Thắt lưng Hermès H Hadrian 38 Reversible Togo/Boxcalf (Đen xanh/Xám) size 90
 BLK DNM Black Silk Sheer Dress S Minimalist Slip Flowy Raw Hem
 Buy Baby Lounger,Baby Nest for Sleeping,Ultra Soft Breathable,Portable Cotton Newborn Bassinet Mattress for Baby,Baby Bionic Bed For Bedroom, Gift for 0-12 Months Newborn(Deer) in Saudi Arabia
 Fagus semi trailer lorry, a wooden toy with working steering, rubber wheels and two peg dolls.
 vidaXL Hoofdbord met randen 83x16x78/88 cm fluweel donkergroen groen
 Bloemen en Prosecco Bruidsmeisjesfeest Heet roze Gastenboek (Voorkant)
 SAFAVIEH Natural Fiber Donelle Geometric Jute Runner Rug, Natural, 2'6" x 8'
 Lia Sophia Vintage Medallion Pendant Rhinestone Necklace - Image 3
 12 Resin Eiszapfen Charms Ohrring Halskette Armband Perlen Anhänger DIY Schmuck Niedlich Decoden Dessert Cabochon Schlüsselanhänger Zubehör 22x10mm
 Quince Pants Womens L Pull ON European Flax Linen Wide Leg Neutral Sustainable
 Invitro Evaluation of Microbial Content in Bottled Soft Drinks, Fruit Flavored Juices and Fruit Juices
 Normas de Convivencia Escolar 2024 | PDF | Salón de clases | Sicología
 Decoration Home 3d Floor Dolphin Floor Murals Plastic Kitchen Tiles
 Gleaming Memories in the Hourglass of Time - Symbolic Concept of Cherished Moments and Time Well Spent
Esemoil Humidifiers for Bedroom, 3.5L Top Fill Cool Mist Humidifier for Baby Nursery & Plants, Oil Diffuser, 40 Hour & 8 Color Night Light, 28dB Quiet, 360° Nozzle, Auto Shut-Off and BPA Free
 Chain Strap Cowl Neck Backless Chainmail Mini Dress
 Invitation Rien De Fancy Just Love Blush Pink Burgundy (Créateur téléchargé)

·····

(Exercise prompt): Only one stretch of the entries above is wanted: the lines from the one containing "BLK DNM Black" through the one containing "Lia Sophia Vintage". Please reproduce it exactly.

(Task result):
 BLK DNM Black Silk Sheer Dress S Minimalist Slip Flowy Raw Hem
 Buy Baby Lounger,Baby Nest for Sleeping,Ultra Soft Breathable,Portable Cotton Newborn Bassinet Mattress for Baby,Baby Bionic Bed For Bedroom, Gift for 0-12 Months Newborn(Deer) in Saudi Arabia
 Fagus semi trailer lorry, a wooden toy with working steering, rubber wheels and two peg dolls.
 vidaXL Hoofdbord met randen 83x16x78/88 cm fluweel donkergroen groen
 Bloemen en Prosecco Bruidsmeisjesfeest Heet roze Gastenboek (Voorkant)
 SAFAVIEH Natural Fiber Donelle Geometric Jute Runner Rug, Natural, 2'6" x 8'
 Lia Sophia Vintage Medallion Pendant Rhinestone Necklace - Image 3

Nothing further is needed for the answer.